Per questo uno degli obiettivi principali del Comip è quello di far sentire meno soli i tanti adolescenti, giovani e adulti che si trovano in questa situazione. “È difficile confidarsi con qualcuno, spesso ci si sente gli unici al mondo – prosegue Buoni –. E poi ci sono la rabbia, la paura e il senso di colpa. Non è semplice comprendere che se mamma o papà soffrono di depressione, schizofrenia o disturbo bipolare non è colpa tua e non è tuo compito guarire il tuo genitore”. Le situazioni, poi, sono tutte l’una diversa dall’altra. Alcuni hanno subito abusi, altri hanno avuto, nonostante tutto, genitori amorevoli. Non tutti sono restati con la madre e il padre biologici, perché c’è chi è dovuto andare a vivere presso parenti, genitori affidatari o case famiglia.

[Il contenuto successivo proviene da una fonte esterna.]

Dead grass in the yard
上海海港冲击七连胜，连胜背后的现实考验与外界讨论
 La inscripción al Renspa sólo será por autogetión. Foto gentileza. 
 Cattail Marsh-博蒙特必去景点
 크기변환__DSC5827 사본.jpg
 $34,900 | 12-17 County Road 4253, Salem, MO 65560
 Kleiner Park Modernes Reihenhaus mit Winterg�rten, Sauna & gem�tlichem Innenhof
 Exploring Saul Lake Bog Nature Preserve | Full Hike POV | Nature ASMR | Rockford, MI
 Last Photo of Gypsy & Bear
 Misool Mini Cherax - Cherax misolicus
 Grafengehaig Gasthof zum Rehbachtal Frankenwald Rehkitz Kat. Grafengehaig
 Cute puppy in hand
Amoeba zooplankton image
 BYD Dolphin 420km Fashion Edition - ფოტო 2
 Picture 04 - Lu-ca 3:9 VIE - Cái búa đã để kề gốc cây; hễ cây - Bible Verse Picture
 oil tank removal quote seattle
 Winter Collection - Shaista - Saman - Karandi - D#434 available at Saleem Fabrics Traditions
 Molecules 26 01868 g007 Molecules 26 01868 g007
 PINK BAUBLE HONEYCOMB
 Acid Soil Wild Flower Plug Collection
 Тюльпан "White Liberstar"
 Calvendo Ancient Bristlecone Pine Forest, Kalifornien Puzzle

C’è chi non ha mai conosciuto il genitore prima del manifestarsi della malattia e chi, invece, ha vissuto un prima e un dopo. Alcuni, infine, sono rimasti invischiati nelle dinamiche familiari, mentre altri hanno tagliato la corda appena hanno potuto.
In tutti i casi, però, si tratta di equilibri fragili, soggetti a essere spazzati via alla prima folata di vento. Ma se è necessario guardare in faccia alla realtà e non minimizzare i problemi, è altrettanto sbagliato pensare che non ci sia soluzione. Chi frequenta il gruppo di auto mutuo aiuto online gestito da Comip lo sa: per quanto drammatica, nessuna situazione è senza via d’uscita. Anzi, a volte la convivenza con i problemi dei propri cari aiuta a raggiungere maggiore consapevolezza della propria fragilità come della propria forza. Ne è convinta Stefania Buoni, che sintetizza il suo pensiero in questo modo: “Avere vissuto un’esperienza così delicata e tosta potrebbe farti pensare che ti attende un futuro in cui ripercorrere il cammino dei tuoi genitori. Ma non è detto che sia così: hai sempre la possibilità di diventare agente attivo di cambiamento”.